(Pictures with short captions):

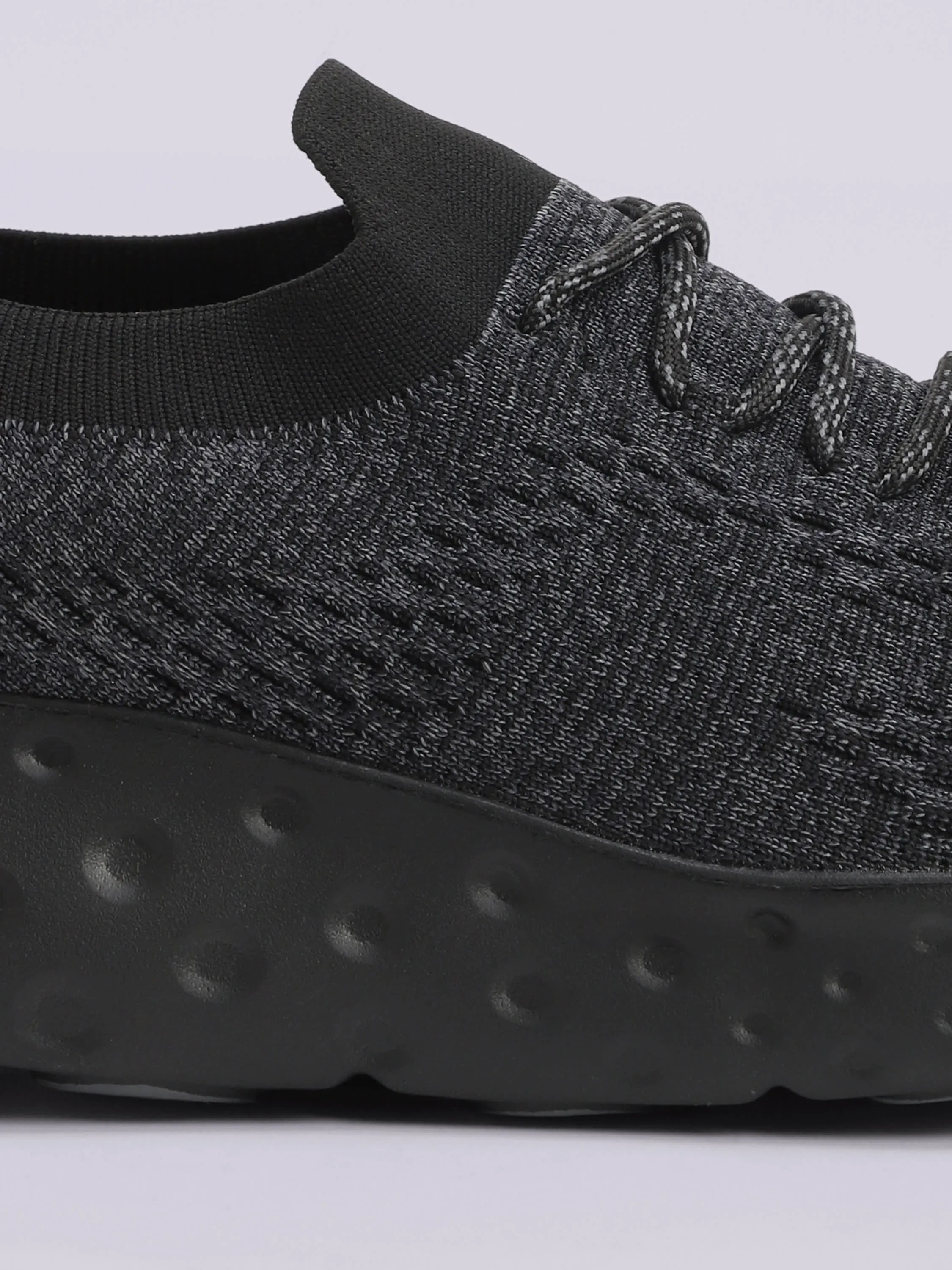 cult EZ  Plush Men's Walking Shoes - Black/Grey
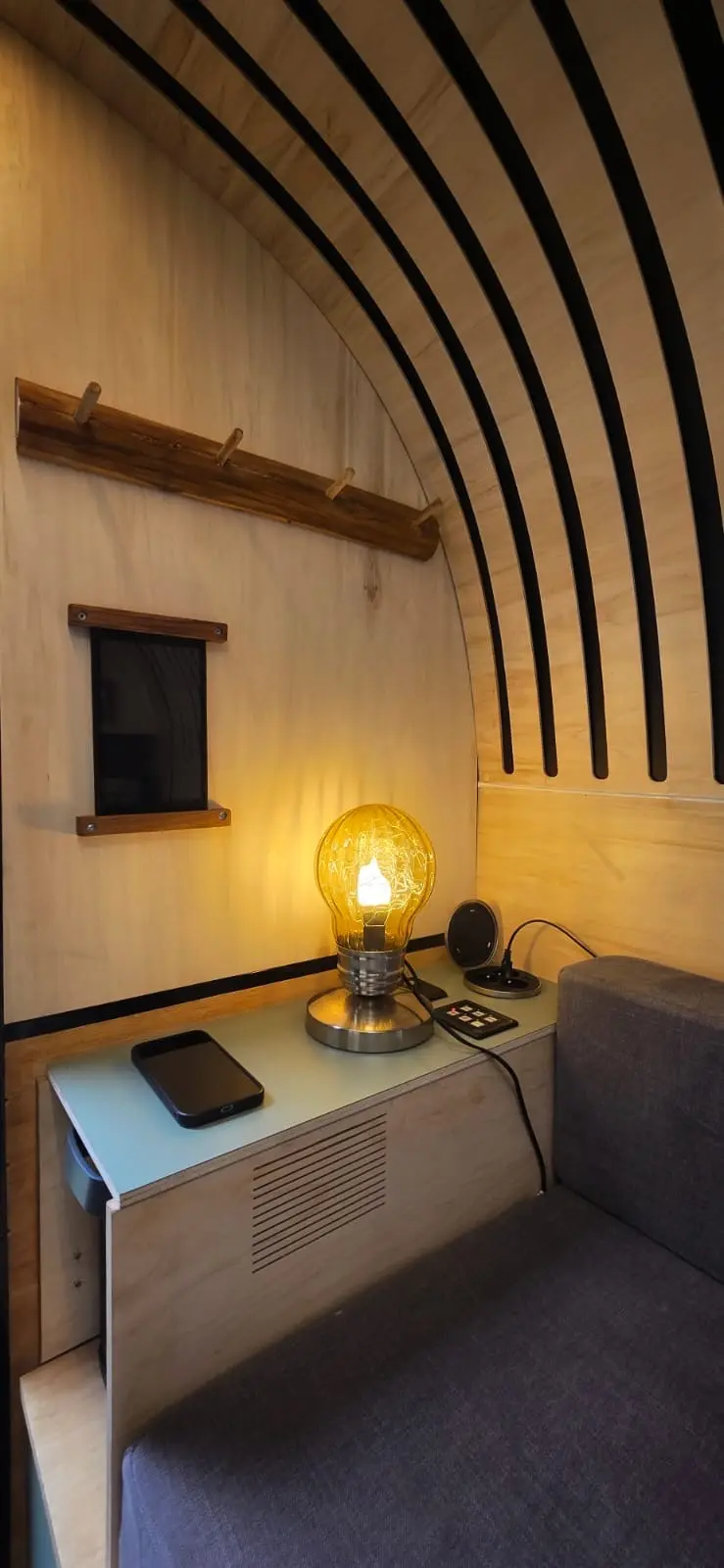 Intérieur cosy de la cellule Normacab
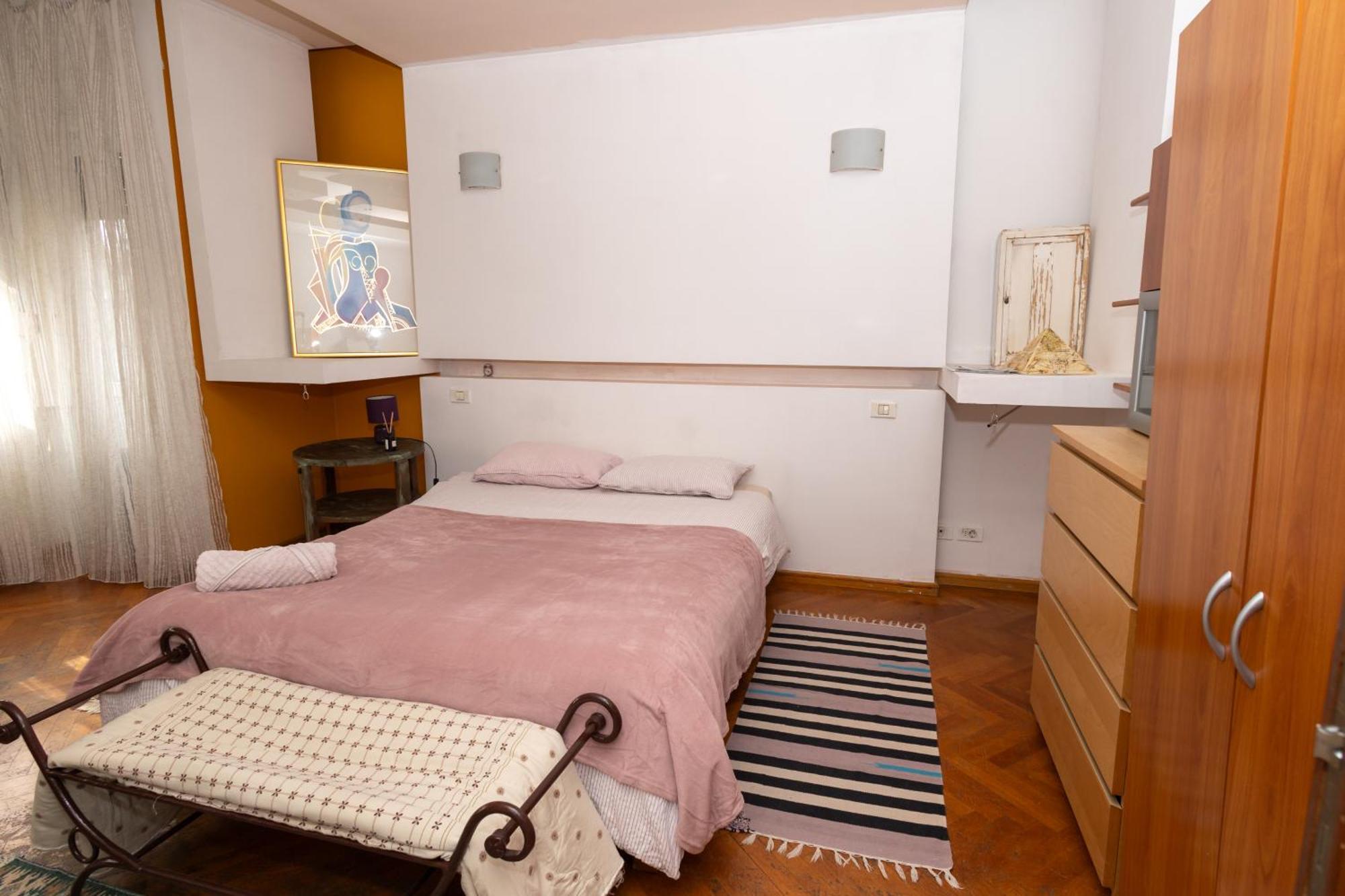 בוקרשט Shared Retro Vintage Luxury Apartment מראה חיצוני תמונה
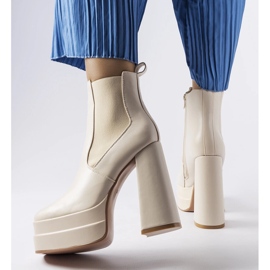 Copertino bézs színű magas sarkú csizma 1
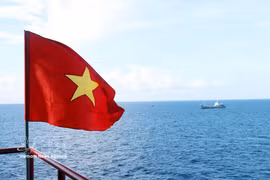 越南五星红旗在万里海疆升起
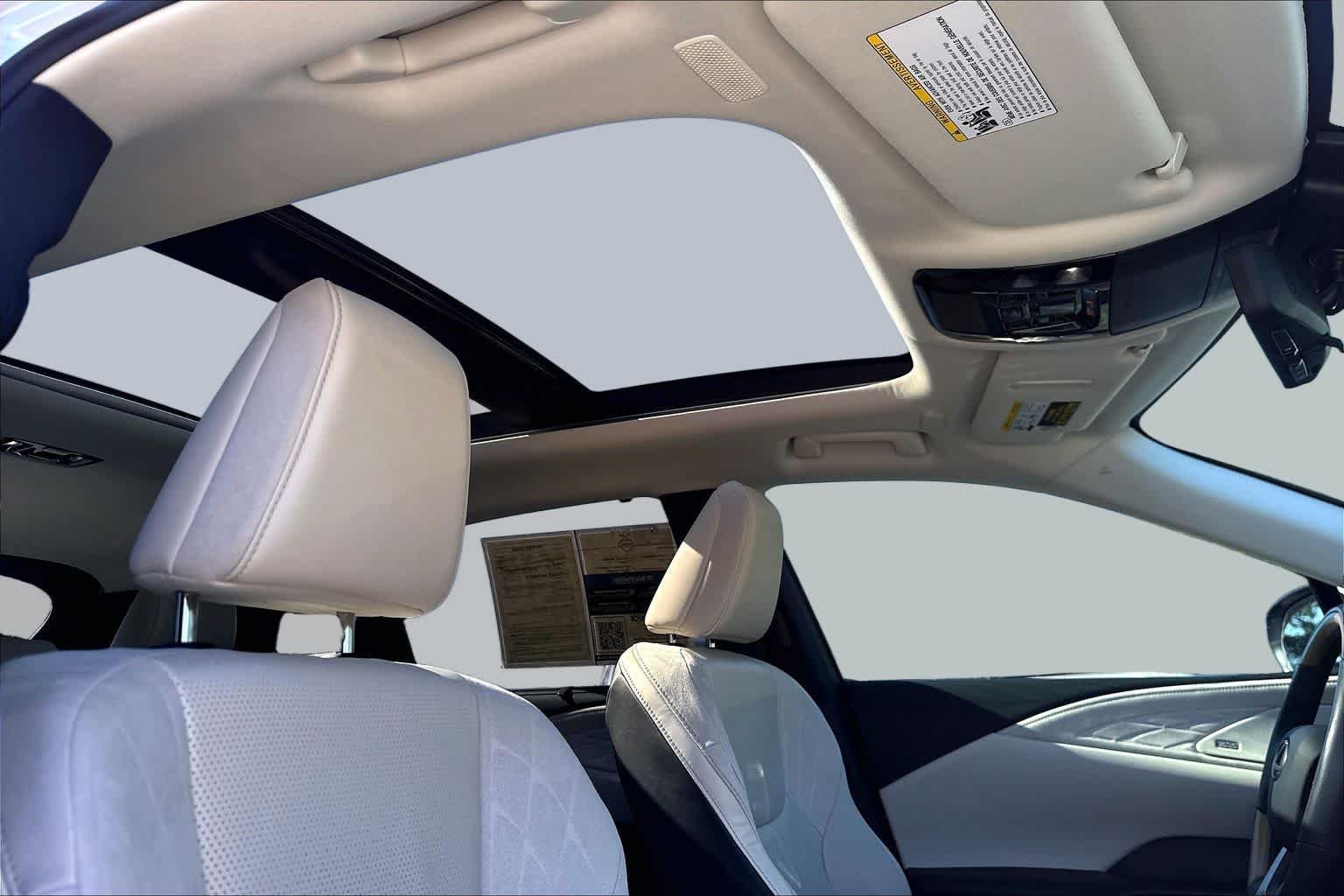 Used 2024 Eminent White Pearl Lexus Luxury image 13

(EXERCISE PROMPT):
The required output is the lines from the one containing "Copertino bézs színű magas sarkú csizma 1" through the end of the records above, reproduced exactly, with no pictures.

(ANSWER BELOW):
 Copertino bézs színű magas sarkú csizma 1
 越南五星红旗在万里海疆升起
 Used 2024 Eminent White Pearl Lexus Luxury image 13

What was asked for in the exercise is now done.